I would only add that I must, of course, be satisfied that the material before me is sufficient to entitle the pursuer to decree.

[105] In my opinion, for all the reasons discussed above, the material before me is amply sufficient to establish the validity of the liquidator's claims for declarator and payment, and, further, that the defender has no stateable defence to those claims. The liquidator is therefore entitled to summary decree.

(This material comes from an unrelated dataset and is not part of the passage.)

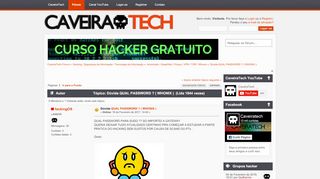 
                            10. Dúvida QUAL PASSWORD ? ( WHONIX ) - Anonimato / DeepWeb / Proxys ...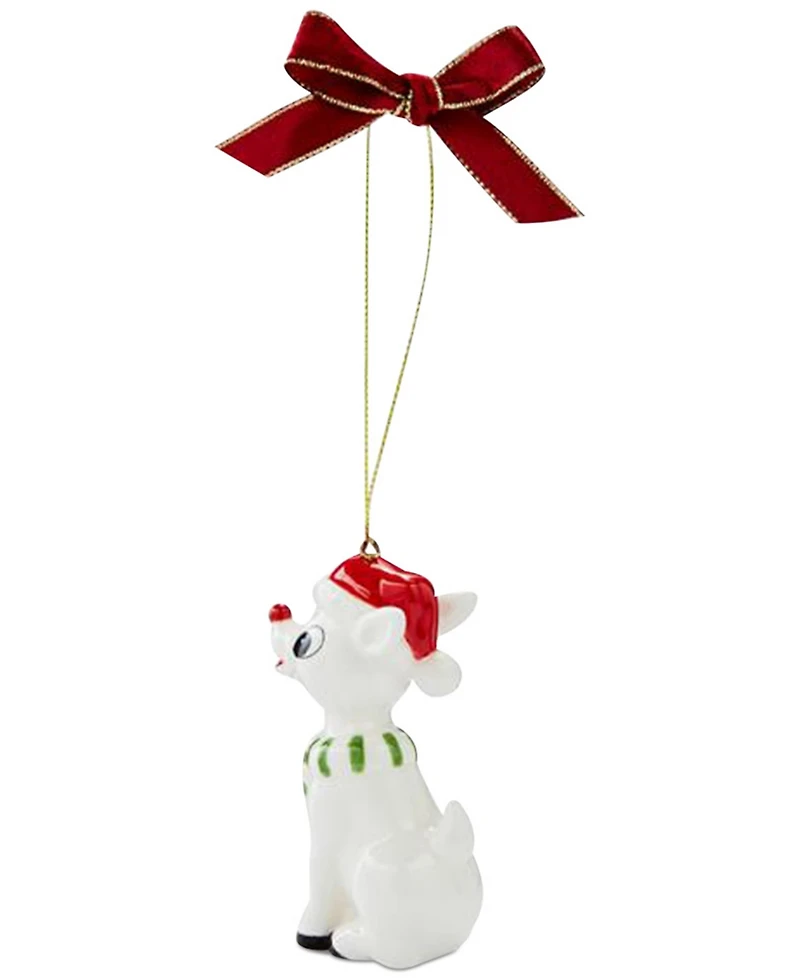 Spode Christmas Tree Rudolph with Hat & Scarf Ornament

[106] As I have noted above (paragraph 92), I would have been prepared to grant decree in terms of the second conclusions for repayment of the sum of £270,750 irrespective of whether the defender had given a personal guarantee to the investors. Further, even if the defender gave a personal guarantee only to Ms Blyth, that is sufficient, on the authority of Cay's Tr v Cay (supra) to entitle the liquidator to decree for the whole amount. Since, however, I have found that the defender gave a personal guarantee to all three investors, I shall sustain the pursuer's third plea-in-law and grant summary decree in terms of the first and second conclusions.

[107] Further, having held that the defender was responsible for securing a discount of £10,000 in favour of Mr Dempster and reducing pro tanto his liability as guarantor, I shall sustain the pursuer's fourth plea-in-law and grant summary decree in terms of the third and fourth conclusions.

[108] In so far as it may be necessary for me to do so, I shall repel the plea-in-law for the defender.

[109] I shall not include in my interlocutor any finding of expenses, but it may be useful for me to indicate that, subject to any submissions the defender may wish to make, I can at the moment see no reason why expenses should not follow success.